Inicialmente, a escravidão limitava-se a prisioneiros de guerra, que eram suficientemente numerosos em decorrência das diversas batalhas locais e das contínuas disputas de fronteira. Formou-se uma comissão para que ninguém fosse seqüestrado e escravizado, porém logo quase todos os portugueses, incluindo os missionários, empreenderam viagens até os confins do interior, e os profissionais portugueses esperavam receber pagamento em forma de escravos. Em torno do ano de 1530, os comerciantes de escravos tinham contatos na Ilha de São Tomé, uma colônia alem mar, cujo monopólio comercial real era exercido por Manuel. Devido ao fato de que São Tomé sofria prejuízo com as ligações sólidas entre Congo e Portugal, realizou todos os esforços possíveis para sabotar essas relações.

Os portugueses foram equivocadamente convencidos de que o Congo possuía vastas riquezas minerais, reservadas pelo rei para uso próprio. Em 1540, eles trataram de assassinar Afonso no Domingo de Páscoa enquanto assistia à missa, e ele escapou por pouco.

Afonso promoveu o cristianismo diligentemente, destruindo os símbolos religiosos tradicionais e construindo igrejas e escolas, mas os poucos missionários que enviou provaram ser preguiçosos, corruptos e mercenários; eles adotavam concubinas e viviam como integrantes da nobreza. Os demais portugueses foram também péssimos exemplos da nova fé, participavam de orgias regadas a álcool e praticavam furtos. Em 1529, e novamente em 1539, Afonso apelou ao papa por uma intervenção contra os abusos portugueses, mas não recebeu ajuda. Ele enviou homens jovens talentosos para que recebessem educação em Portugal. Entre eles estava seu filho Dom Henrique, que foi consagrado bispo em 1518. Essa tentativa de desenvolver um clero nativo fracassou, embora Dom Henrique tivesse retornado ao reinado. Apesar das dificuldades e do comportamento escandaloso dos portugueses o reinado, ainda assim, tornou-se lenta e parcialmente cristianizado.

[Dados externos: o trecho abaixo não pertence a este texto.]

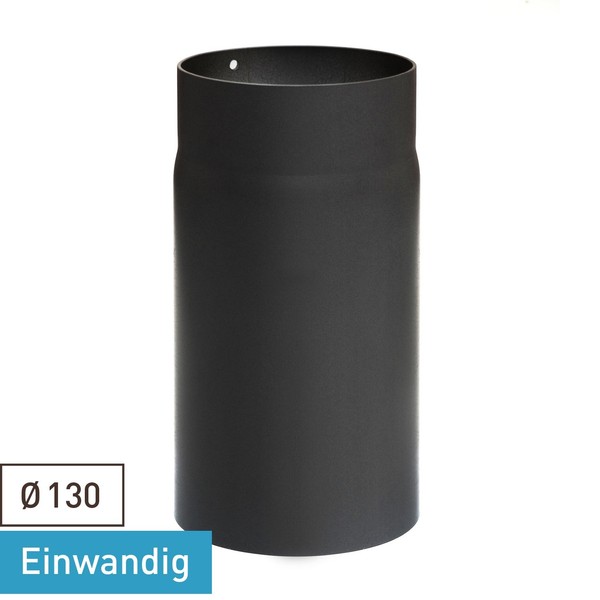 Rauchrohr / Ofenrohr 130Mm - 250Mm Schwarz DN130 Kaminrohr Ofen Rohr-image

Quando Afonso morreu, houve um conflito dinástico e seu sucessor imediato, Pedro I, foi derrubado e substituído por um neto, DIOGO I. O Congo manteve-se, ao menos nominalmente, cristão ao longo de um século, mas os sinais auspiciosos da parceria entre África e Europa nas relações internacionais foram abalados pelos portugueses, que iniciaram uma expansão implacável do comércio de escravos.

Norbert C. Brockman


Bibliografia:

Mitchison, Naomi. African Heroes. New York: Farrar, Straus, & Giroux, 1969 (young adult).
Dictionary of African Biography. Algonac, MI, and New York: Reference Publications, vol. 1, 1977; vol. 2, 1979.
Lipschutz, Mark R., and R. Kent Rasmussen. Dictionary of African Historical Biography. 2nd edition. Berkeley: University of California Press, 1986.
Encyclopedia of World Biography. Palatine, IL: Heraty, 17 volumes, 1973-1992.

Leitura adicional:

M'Bokolo, Elikia. Affonso Ier, le roi chrétien de l'ancien Congo (Affonso I, O Rei cristão do antigo Kongo, 1975).